By country :: Italy
Last spring, I was lucky enough to make a trip to the regions of Umbria and the Abbruzzi, and I became very aware of the reasons why we Frenchmen may consider Italians to be our continental cousins. Our rural heritage gives us both a love and passion for good food from an early age, while we also develop a keen interest in good wines as we grow up. Similarly to France, wine is part of a typical Italian meal, yet there are some key distinctions between our two nations.
Italy is a very interesting winemaking country, primarily due to the fact that, as a nation, it is an eclectic mix of varying cultures and regions with their own distinct local identities. Ranging from the Germanic influence of the Dolomites in the north, down to Sicily and its Moorish traditions, the variety of flavours and smells presented by Italian wine covers an enormous spectrum.
Traditionally, Italian red wines tend to grab all the headlines, produce from Chianti and Barolo attracting interest from all across the globe, but I am also a great lover of the country’s whites, and I believe they are massively underrated. This year we have added Trebbiano of Masciarelli to our list, a personal favourite which I am sure you will agree is absolutely delightful.

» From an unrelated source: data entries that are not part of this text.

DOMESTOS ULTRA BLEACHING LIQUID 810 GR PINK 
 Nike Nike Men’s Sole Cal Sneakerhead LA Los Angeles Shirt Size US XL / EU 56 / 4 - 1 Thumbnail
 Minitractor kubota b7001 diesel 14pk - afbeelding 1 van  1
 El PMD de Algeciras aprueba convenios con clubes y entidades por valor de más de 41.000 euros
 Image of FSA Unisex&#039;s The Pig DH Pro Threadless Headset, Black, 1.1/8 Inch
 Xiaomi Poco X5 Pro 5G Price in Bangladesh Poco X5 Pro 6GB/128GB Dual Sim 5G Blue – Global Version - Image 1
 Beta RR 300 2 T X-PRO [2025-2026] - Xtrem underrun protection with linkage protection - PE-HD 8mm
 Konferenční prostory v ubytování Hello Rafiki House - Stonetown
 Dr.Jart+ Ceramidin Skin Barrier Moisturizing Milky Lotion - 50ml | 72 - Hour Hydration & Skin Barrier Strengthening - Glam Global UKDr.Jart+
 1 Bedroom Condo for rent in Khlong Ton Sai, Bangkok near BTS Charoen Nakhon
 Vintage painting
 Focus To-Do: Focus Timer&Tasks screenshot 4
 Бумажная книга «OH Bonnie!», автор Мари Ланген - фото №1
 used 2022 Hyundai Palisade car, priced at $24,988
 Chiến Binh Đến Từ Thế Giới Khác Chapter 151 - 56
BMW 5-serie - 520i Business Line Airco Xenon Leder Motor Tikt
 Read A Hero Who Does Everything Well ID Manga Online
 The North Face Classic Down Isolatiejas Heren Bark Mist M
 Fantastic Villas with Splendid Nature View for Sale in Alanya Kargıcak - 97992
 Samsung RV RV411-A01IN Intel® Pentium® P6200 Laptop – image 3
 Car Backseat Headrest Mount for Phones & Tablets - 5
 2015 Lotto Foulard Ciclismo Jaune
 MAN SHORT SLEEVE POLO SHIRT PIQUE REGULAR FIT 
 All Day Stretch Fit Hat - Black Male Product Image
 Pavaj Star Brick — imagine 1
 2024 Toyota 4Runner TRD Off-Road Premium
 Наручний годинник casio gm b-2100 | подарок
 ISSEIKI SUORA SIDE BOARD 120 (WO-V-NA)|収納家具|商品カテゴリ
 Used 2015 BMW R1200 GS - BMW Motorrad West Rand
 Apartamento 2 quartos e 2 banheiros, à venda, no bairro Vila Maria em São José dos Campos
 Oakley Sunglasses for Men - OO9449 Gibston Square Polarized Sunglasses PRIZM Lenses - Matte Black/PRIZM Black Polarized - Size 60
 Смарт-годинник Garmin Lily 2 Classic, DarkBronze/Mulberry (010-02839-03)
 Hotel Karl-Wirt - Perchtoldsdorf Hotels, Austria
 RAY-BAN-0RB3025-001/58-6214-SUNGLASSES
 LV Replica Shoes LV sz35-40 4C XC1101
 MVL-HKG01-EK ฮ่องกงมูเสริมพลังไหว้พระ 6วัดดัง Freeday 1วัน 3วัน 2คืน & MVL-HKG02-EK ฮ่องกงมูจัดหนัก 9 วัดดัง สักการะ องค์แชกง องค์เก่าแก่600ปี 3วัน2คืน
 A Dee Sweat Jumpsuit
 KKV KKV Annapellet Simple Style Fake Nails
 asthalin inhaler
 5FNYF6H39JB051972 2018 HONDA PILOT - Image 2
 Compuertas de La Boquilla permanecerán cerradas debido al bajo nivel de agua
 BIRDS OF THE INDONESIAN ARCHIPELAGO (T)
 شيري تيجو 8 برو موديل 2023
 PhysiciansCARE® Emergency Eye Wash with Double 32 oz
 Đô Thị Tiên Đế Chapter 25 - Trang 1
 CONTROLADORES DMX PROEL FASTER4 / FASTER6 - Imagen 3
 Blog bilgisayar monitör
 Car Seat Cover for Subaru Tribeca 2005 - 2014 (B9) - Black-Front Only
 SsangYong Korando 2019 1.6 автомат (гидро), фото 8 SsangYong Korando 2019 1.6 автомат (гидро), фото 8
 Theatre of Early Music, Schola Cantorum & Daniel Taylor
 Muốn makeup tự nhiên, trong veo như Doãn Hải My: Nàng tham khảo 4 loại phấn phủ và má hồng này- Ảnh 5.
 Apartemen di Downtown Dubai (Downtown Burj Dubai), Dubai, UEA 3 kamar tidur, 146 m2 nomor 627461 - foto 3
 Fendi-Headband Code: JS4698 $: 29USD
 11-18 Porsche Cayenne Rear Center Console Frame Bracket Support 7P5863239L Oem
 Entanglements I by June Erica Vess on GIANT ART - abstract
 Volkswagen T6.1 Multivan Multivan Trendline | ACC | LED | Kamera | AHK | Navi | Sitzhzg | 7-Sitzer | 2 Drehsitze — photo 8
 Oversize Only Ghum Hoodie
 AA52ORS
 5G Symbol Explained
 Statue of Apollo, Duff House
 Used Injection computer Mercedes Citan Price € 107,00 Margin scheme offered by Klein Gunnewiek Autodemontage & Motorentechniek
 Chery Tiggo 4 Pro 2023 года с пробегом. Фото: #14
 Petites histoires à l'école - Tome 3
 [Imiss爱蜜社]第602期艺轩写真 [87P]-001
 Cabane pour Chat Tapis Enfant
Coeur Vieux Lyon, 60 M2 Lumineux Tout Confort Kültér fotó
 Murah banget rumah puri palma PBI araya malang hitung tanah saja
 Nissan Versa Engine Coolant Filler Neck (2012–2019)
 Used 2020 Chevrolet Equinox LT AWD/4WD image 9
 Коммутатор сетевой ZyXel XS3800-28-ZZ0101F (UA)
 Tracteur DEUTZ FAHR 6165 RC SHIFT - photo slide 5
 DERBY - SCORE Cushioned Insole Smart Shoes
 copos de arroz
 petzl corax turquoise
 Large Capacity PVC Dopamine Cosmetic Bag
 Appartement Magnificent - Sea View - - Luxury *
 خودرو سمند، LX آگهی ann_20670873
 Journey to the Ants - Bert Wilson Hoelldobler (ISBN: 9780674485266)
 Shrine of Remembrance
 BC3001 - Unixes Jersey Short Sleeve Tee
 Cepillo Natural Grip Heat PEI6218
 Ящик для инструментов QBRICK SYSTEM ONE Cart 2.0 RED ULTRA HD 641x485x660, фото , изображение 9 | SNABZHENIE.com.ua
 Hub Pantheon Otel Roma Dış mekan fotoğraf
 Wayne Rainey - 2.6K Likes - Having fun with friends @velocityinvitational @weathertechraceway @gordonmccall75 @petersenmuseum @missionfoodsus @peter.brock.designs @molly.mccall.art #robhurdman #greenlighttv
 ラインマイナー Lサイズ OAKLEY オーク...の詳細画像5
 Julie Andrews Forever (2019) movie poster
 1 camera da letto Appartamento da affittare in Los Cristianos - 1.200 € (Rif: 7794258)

At our recent ‘Meet the Producers’ tasting, we were very thankful for the support of Carlo Vallone, who travelled to be with us from Santi Dimitri, the winery which he owns in the region of Salento,. Over the course of the
weekend, his wines were lauded by our visitors, his Primitivo proving to be a particular star, an example of a wine which undoubtedly brings a Mediterranean glow to your glass.